Good Will Has Power and Delicacy
Good will, like the technique of etching, is a oneness of power and delicacy. The finest line scratched on a surface is bitten into the plate by a powerful acid. The massive head of the minotaur is a collection of incisive and delicately drawn lines; its force comes from a oneness of energy and precision; critical exactitude for the kind purpose of showing the minotaur as he truly is.
Aesthetic Realism states that good will must include criticism of all forms of contempt. Picasso, in this print, is critical of people going after false power by dismissing things, trying to conquer them, not wanting to see conflict in ourselves. The man on the left climbing the ladder is ethically dual. He turns his back on the moral drama and yet faces it. His feet are flabby. He seems cowardly, but, like the minotaur, he wants to see.
Are the two women with their turtle doves in the window above trying to see, be in a superior position, or both? Is the artist critical of double motives when he encloses them in a stony niche as he places the minotaur, with all his brutishness and groping, free in open space?
Why does the artist place the picador on her horse between the minotaur and the girl? I believe Picasso’s criticism of himself, the way men use their strength to have their way, how women use their bodies to conquer men is the subject of many of his prints. Here, the bare-breasted woman picador holding her sword and draped brokenly over the horse has failed in her purpose to conquer the minotaur through body alone because the minotaur, even as he shields his eyes from the light, wants what the young girl and the light represent. He wants to see, to know, to feel, to be kind. The bull aspect of himself alone does not satisfy him. He wants power and tenderness together, body and thoughtful seeing together.

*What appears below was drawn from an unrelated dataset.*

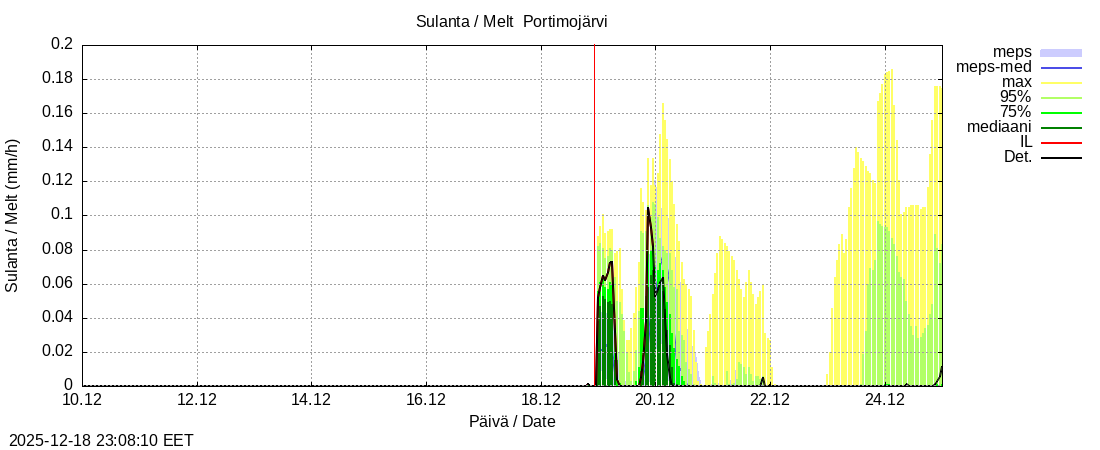 Tornionjoen vesist&ouml;alue - Portimojärvi k: tuntiennuste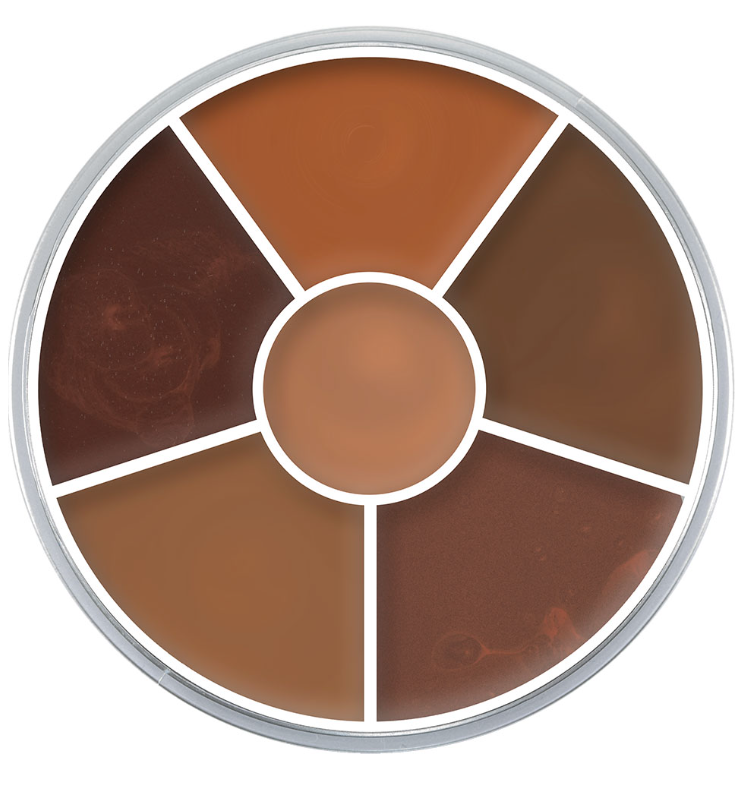 Círculo corrector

Picasso’s etching affirms Aesthetic Realism; the only power that will satisfy a man is the power of good will. Mr. Siegel had that power always. It moves me that the Minotauromachy hung in the room where, for four decades, he lectured so magnificently and where I had the lessons that so beautifully changed my life. This education which goes on now at the Aesthetic Realism Foundation in New York is making men and women honestly kind and it can change America.
Chaim Koppelman (1920 – 2009) was one of the earliest artists to see the value, for both art and life, of the philosophy Aesthetic Realism. He began to study with its founder, the poet and critic Eli Siegel, in the 1940s, and was on the faculty of the School of Visual Arts and the Aesthetic Realism Foundation for many years. In 2011 the Museo Napoleonico in Rome, Italy had a major show of his work titled “Napoleon Entering New York: Chaim Koppelman and the Emperor.”
1Eli Siegel, The Right of Aesthetic Realism to Be Known, issue no. 1114, “What Contempt Is and Is Not.”